The others didn’t shy back as many men would have, though. As Gruin was probably counting on. They closed around him like the jaws of a great beast and swung themselves, clubs and cleavers from three directions at once. The Grynkori twisted aside from one, but into the remaining two. A gash ran along one shoulder where the skin split and a great welt appeared on his back as a bruise’s ancestor was born.
Gruin roared as pain took him and swung out again, though this time his enemies were ready for the blow and it came more clumsily for his pain and distraction. The target caught iron hammer-head at the base of a wooden club, stumbled back as their weapon almost slipped from clumsy fingers, but found no more of their bones broken.
The other two struck again.
I didn’t know much about Grynkori or their limits, save that I had now seen evidence enough to know they were a great deal sturdier than most any human, but even I could see that this fight wasn’t going to end in our favour. Gruin was just too outnumbered, and faced by competent foes.
When he died, I would die. Then these men would disappear and…what? Face justice?
I doubted it. In all likelihood whoever was orchestrating this—the place’s owner, or his boss—had plans to dispose of our bodies and keep any inconvenient questions from getting asked. I’d just…
Disappear.
It was that thought, more than the dying, that spurred me on.
There was no hope of me helping Gruin physically, not alone at least. I’d gotten lucky with a few shamblers before—impossibly lucky—but I wasn’t about to push that against men who so clearly knew what they were doing, and my hidden dagger was far from a match for their longer blades anyway.
Fortunately, I had Thaumaturgy to call on.
Unfortunately, I was terrible at it.
My training so far had delved into the very basics, which meant heat and fire. Those were the fundamental energies, the primal, simple things that were most easily displaced by a trained mind’s will. I couldn’t draw heat from another creature’s body, not without permission, and to do so with just my own would be dangerous.
So I drew it from the air around everyone, instead. Three men and a Grynkori moving around and fighting, great muscular exertions raising their temperatures and flooding that excess out into the air of the room.
If Morlo were here, he’d have left the whole room frigid in an instant. I couldn’t do that, my powers were puerile enough that I was limited to drawing the heat away from around one or two men at a time, but even that much left power buzzing in my fingers. I let it out in a single burst.
Fire roared out, the most fundamental expression of any heat-based Thaumaturgy. This was where science met magic, where the sterile facts of the world turned into something mystical and primordial. Fire needed fuel to burn, it couldn’t fly out on its own as mass.
But that was just what it did at my order, and it kept searing as it flew despite the insistence of natural law.

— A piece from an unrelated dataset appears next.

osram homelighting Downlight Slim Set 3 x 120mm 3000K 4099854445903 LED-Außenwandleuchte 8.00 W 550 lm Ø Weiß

My aim was off but my luck wasn’t, the fireball’s target lurched right into its path at the last moment and got a face-ful of flame. Only a faceful, mind, I didn’t have the power Morlo did, couldn’t light up an entire limb let alone a body, but having one’s scalp suddenly jump up several factors in temperature was an evidently unpleasant experience. Instantly the man started screaming and stumbling off.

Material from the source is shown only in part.